Эти поразительно единодушные тоска по новгородскому прошлому и сожаление о его печальном настоящем, в целом, соответствовали реальному положению Новгорода в XVIII в., утратившему свое военно-стратегическое значение после строительства Санкт-Петербурга. Так, согласно доношениям из Новгородской губернской канцелярии, новгородский кремль, в последний раз капитально ремонтировавшийся в 1660-е гг., пребывал в крайней ветхости. В 1720 г. «кровли и мосты в башнях все огнили и обвалились и своды обрушились от дождя и от снега от городовой стены и от башен кирпич сыплется» [36, с.215], в 1745 г. произошло обрушение Пречистенской башни, после чего вышел указ о разборе «совсем уже к падению готовой» Воскресенской башни, при том, что через ворота этой башни до этого момента шли «непрестанные проезды» и даже бывали шествия Ея Императорского величества, в чем заключалась «наиважнейшая… опасность» [36, с.215].

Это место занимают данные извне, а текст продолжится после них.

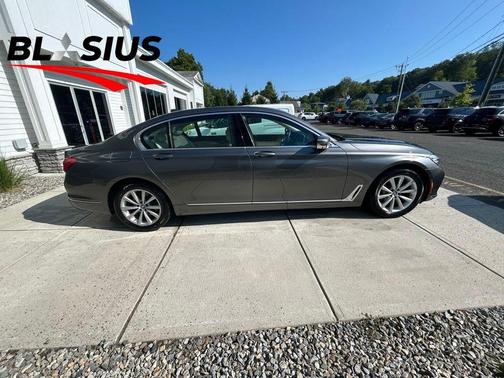 2018 BMW 740 i xDrive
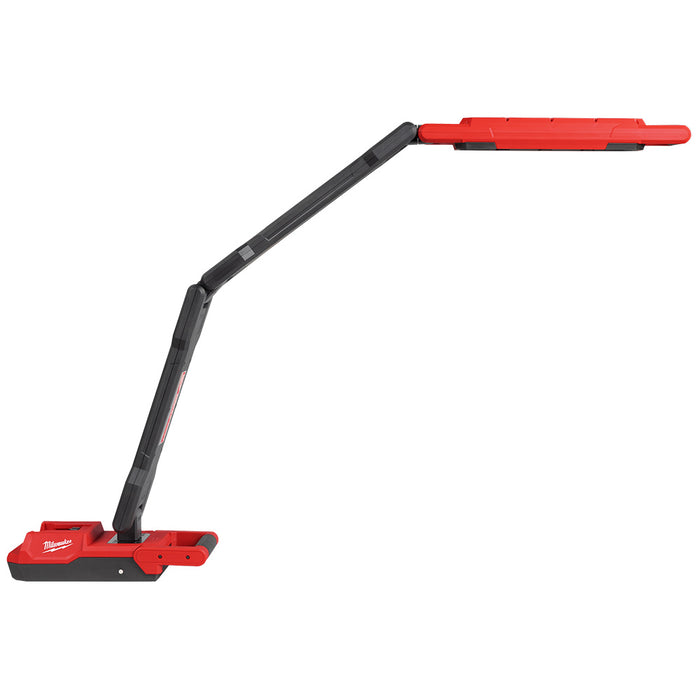 Luz de brazo extensible magnética MILWAUKEE M18™ (solo herramienta)
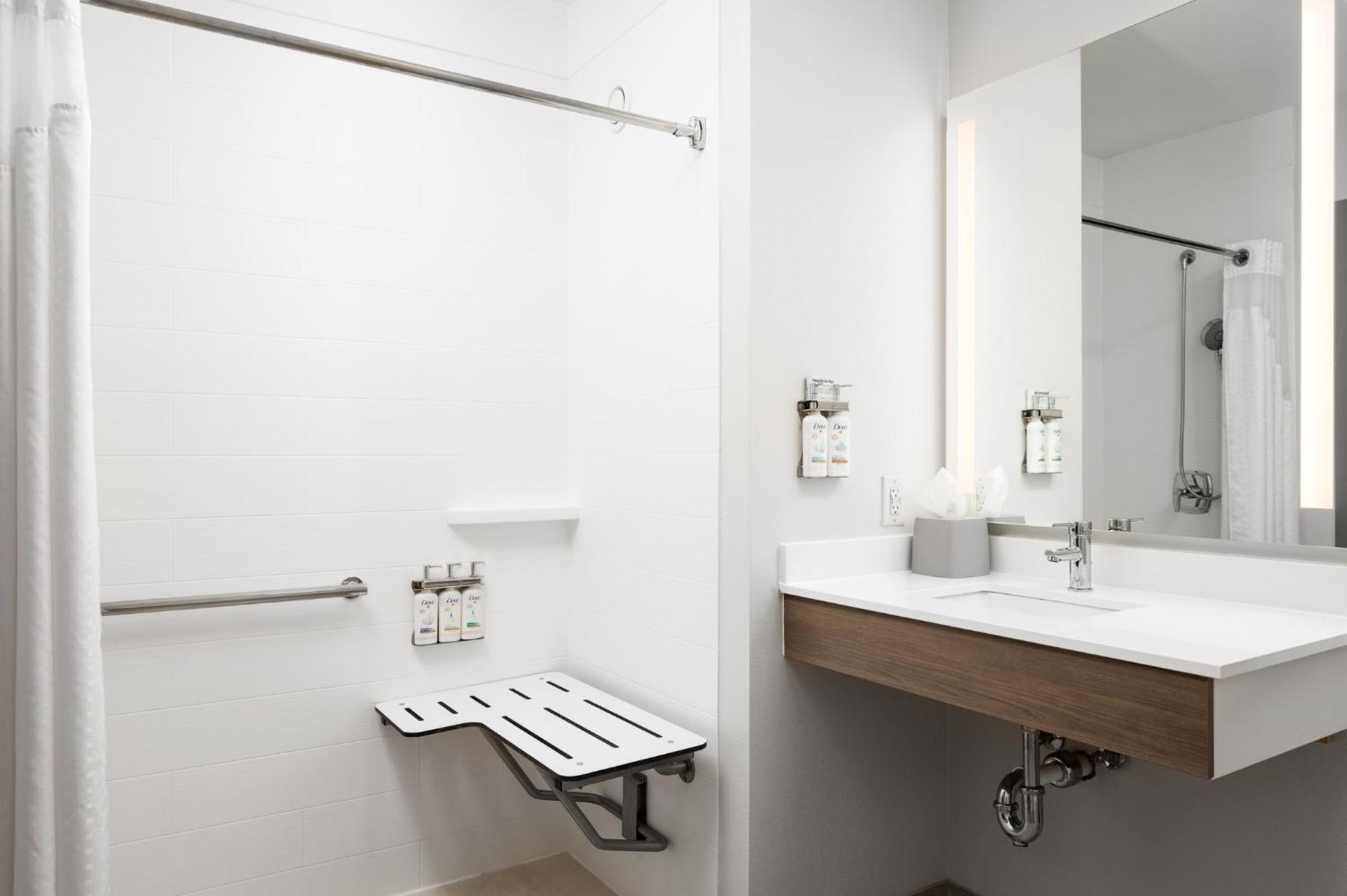 Holiday Inn Express Hotel & Suites Newport South By Ihg Esterno foto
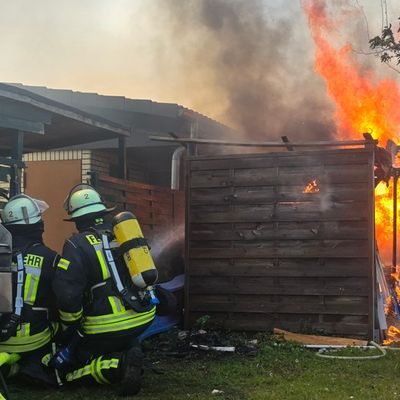 FW Celle: Mehrere Gartenlauben brennen in Vollbrand - Feuerwehr rettet Hühner!
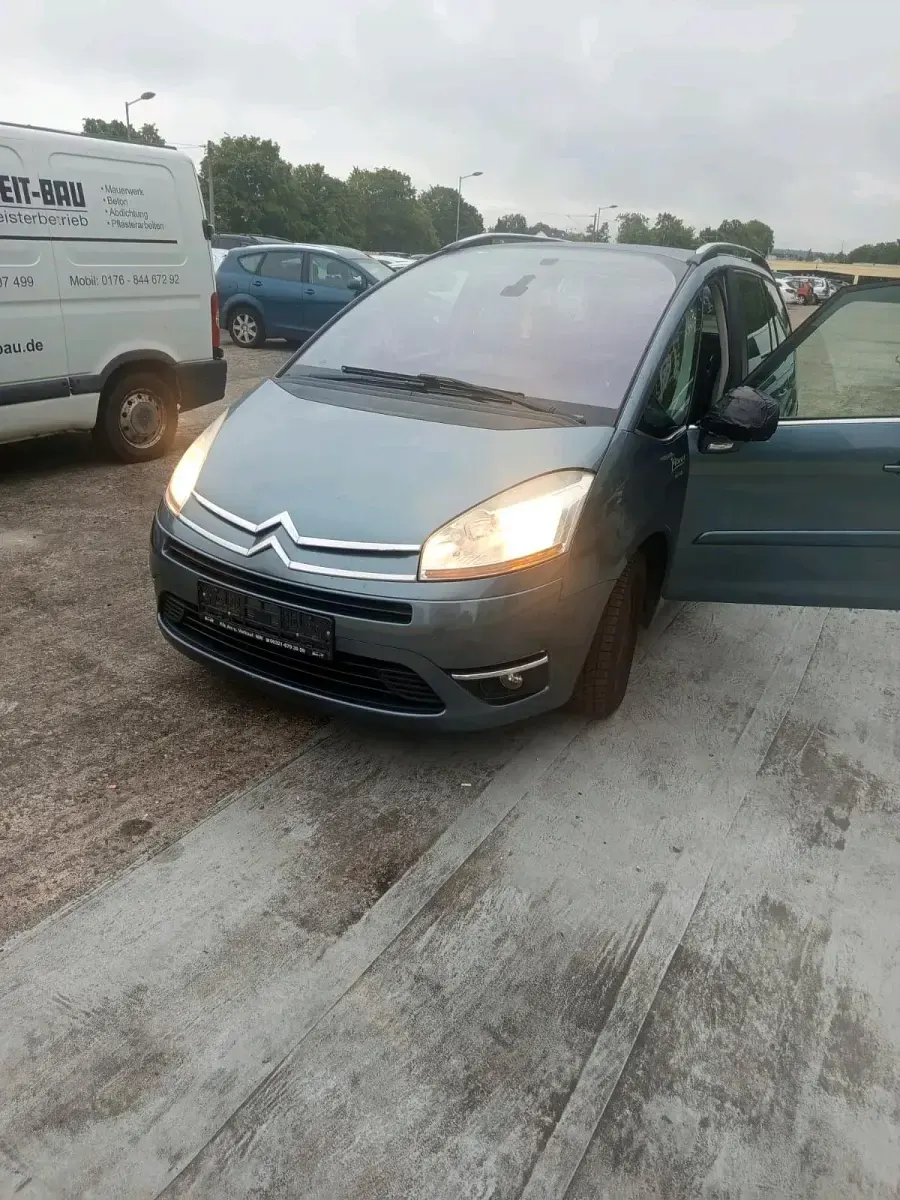 Usado Citroën C3 111 CV (81 kW) 2009 Verde Monovolumen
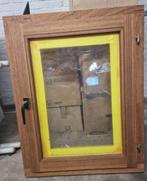 Merantie raam +/- 93X73, Doe-het-zelf en Bouw, Ophalen, Gevelraam of Ruit, Gebruikt, Minder dan 80 cm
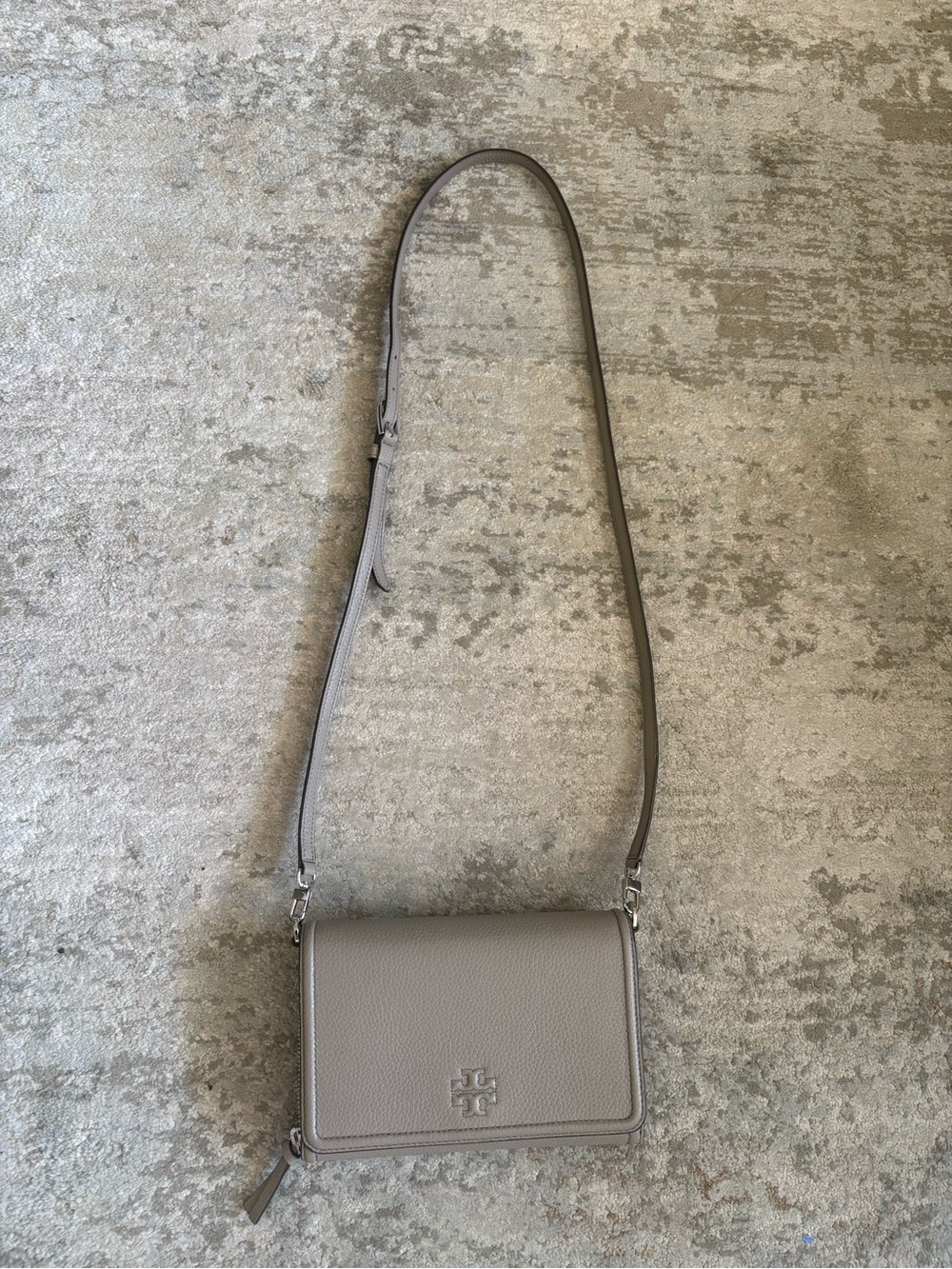 Tory Burch Grey Pebbled Leather Crossbody Wallet Adjustable Detachable Strap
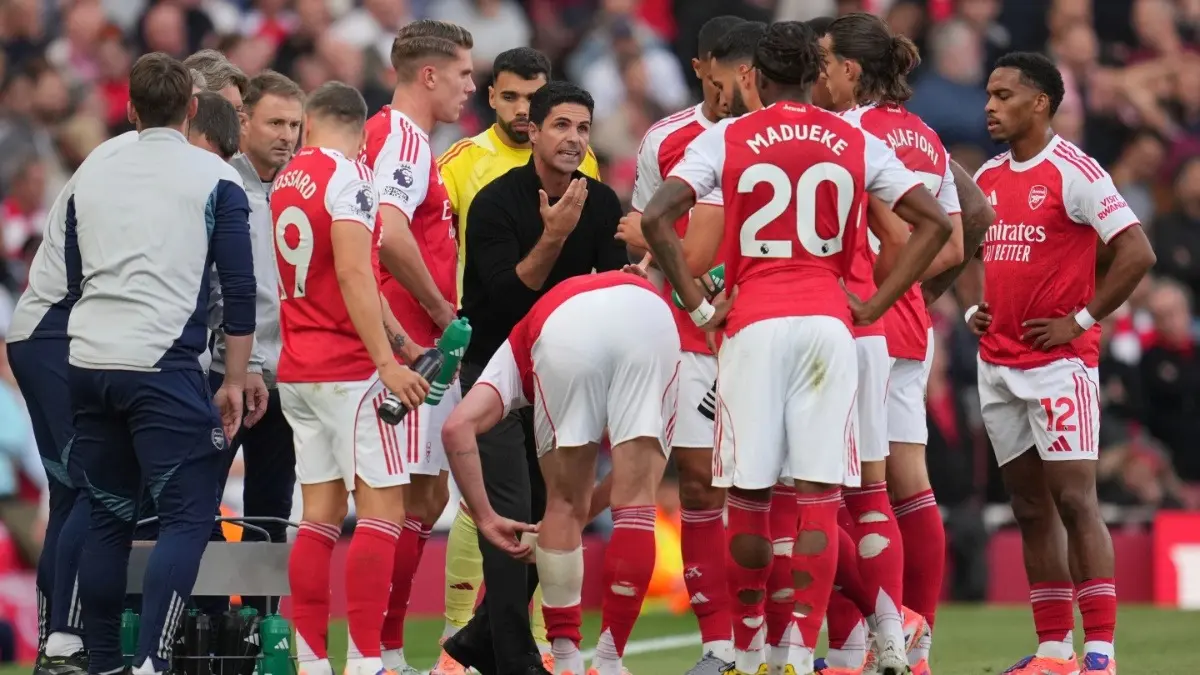 Arsenal's manager Mikel Arteta talks to players during the Premier League match against Manchester City
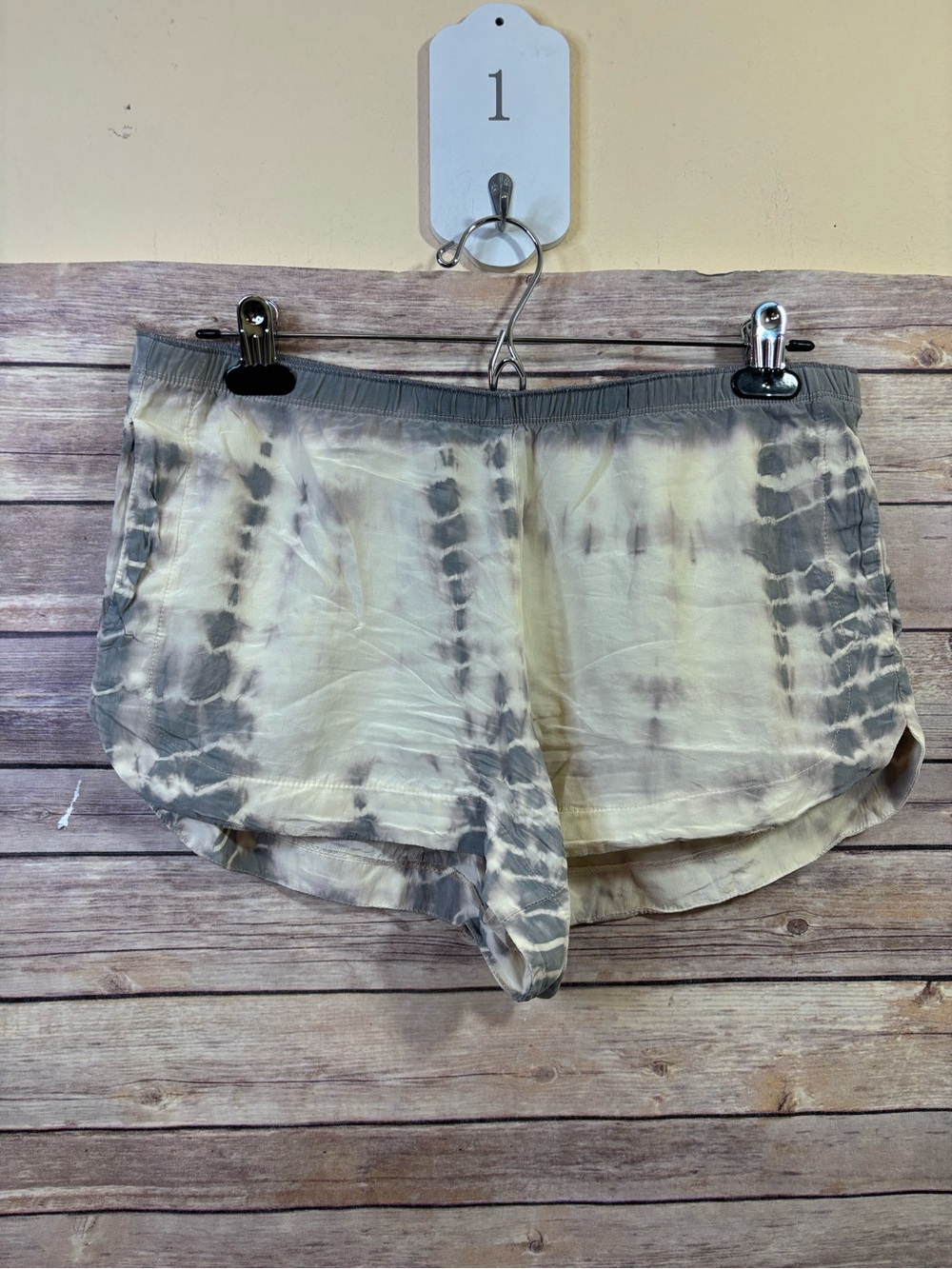 GYPSY Gray Cream Tye Dye Silk Shorts Size Medium Bohemian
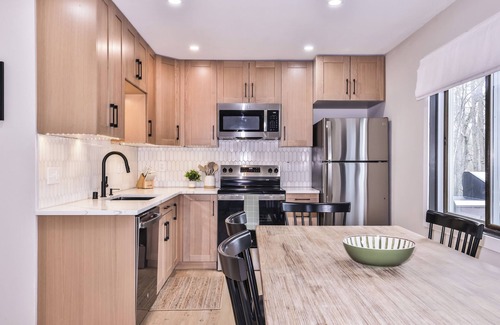 Boulder Junction Cabin | Cozy 4 BR Waterfront Retreat Near Bike Trails! Pontoon Available! NEW LISTING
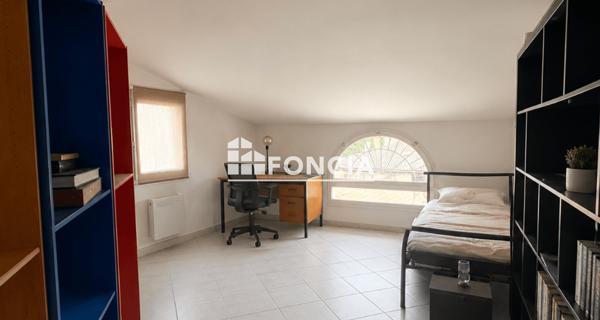 À vendre Appartement 4 pièces 110 m² - Orange 84100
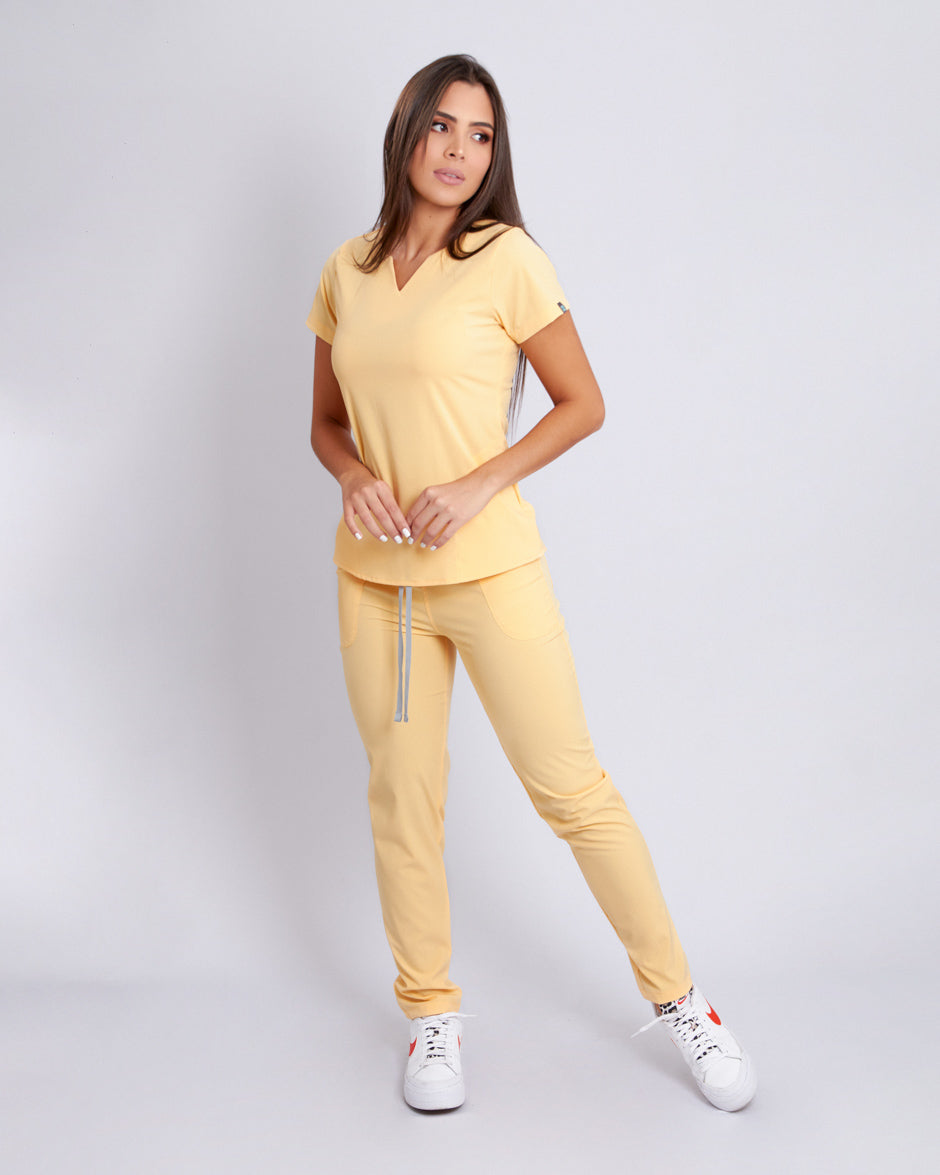 blusa medica uniforme antifluidos new moon amarillo pastel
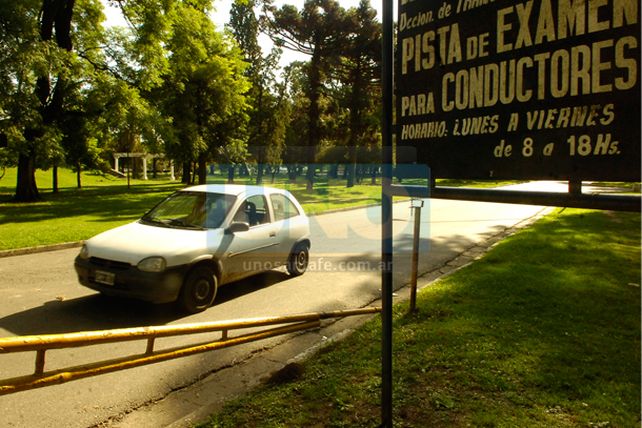 Desde hoy la licencia  de conducir se dará en el mismo día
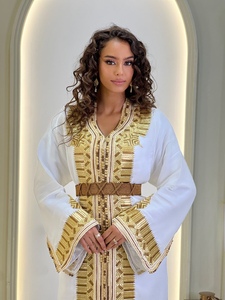 Kaftan turc blanc, abaya brodée d'or, col en V, manches longues, robe musulmane longue jusqu'au sol - Product Image 2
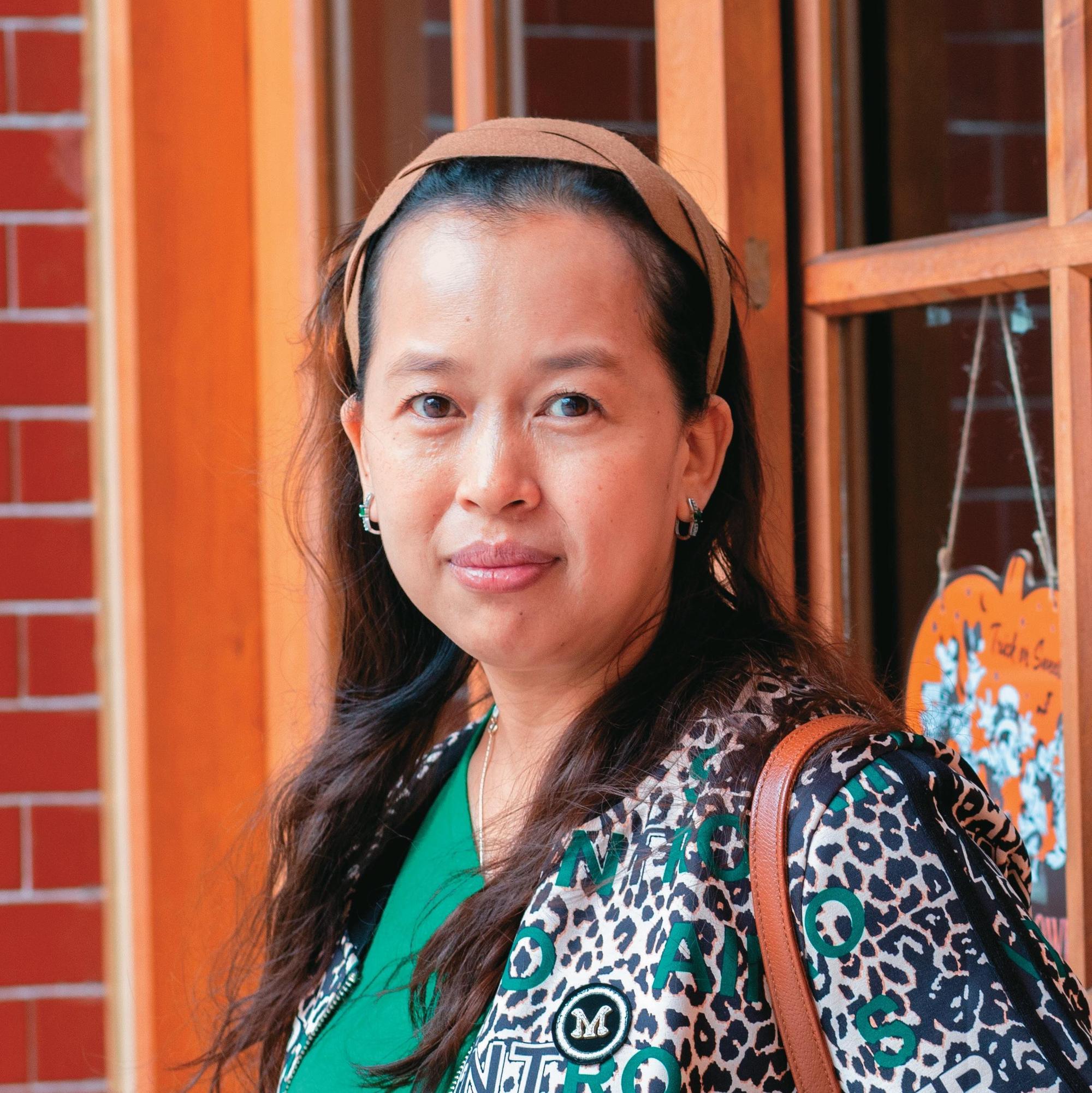 莫愛芳:印尼華僑、新移民中心講師,首位金鐘獎單元劇最佳女主角的新住民影后,出演《娘惹滋味》等多部影視作品,如今自創印尼糕點烘焙工作室,長期為新住民發聲。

Лишь в последней четверти XVIII в. Новгород подвергся реконструкции. Согласно генеральному плану, утвержденному императорским указом от 1778 г., здесь началось масштабное каменное строительство и вводилась регулярная планировка улиц. Побывавший в обновленном городе А. Буржа отмечал, что «в нем уже много улиц, застроенных кирпичными и очень красивыми до­мами» и «с приближением к центру приятно удивляет красота архитектуры» [6, с.144], а И. Б. Катанео назвал Новгород большим и красивым торговым городом [6, c.145].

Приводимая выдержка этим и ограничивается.